#### [Exercise details]
All of the data, except its images, should be set down exactly as it appears.

#### [Collected data]
-------------------------
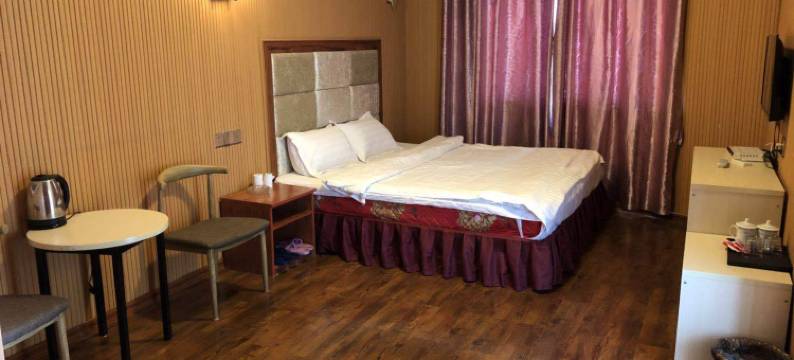 衡南福祥商务宾馆图片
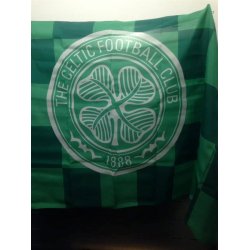 Celtic flag design kan variere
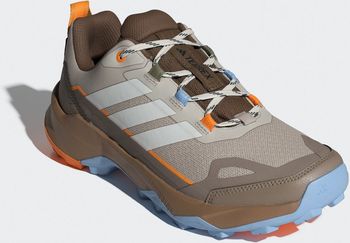 Кроссовки Adidas TERREX SKYCHASER AX5 W WONALU/OWHITE/CARDBO женские - 5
-------------------------
#### [Completed task]
 衡南福祥商务宾馆图片
 Celtic flag design kan variere
 Кроссовки Adidas TERREX SKYCHASER AX5 W WONALU/OWHITE/CARDBO женские - 5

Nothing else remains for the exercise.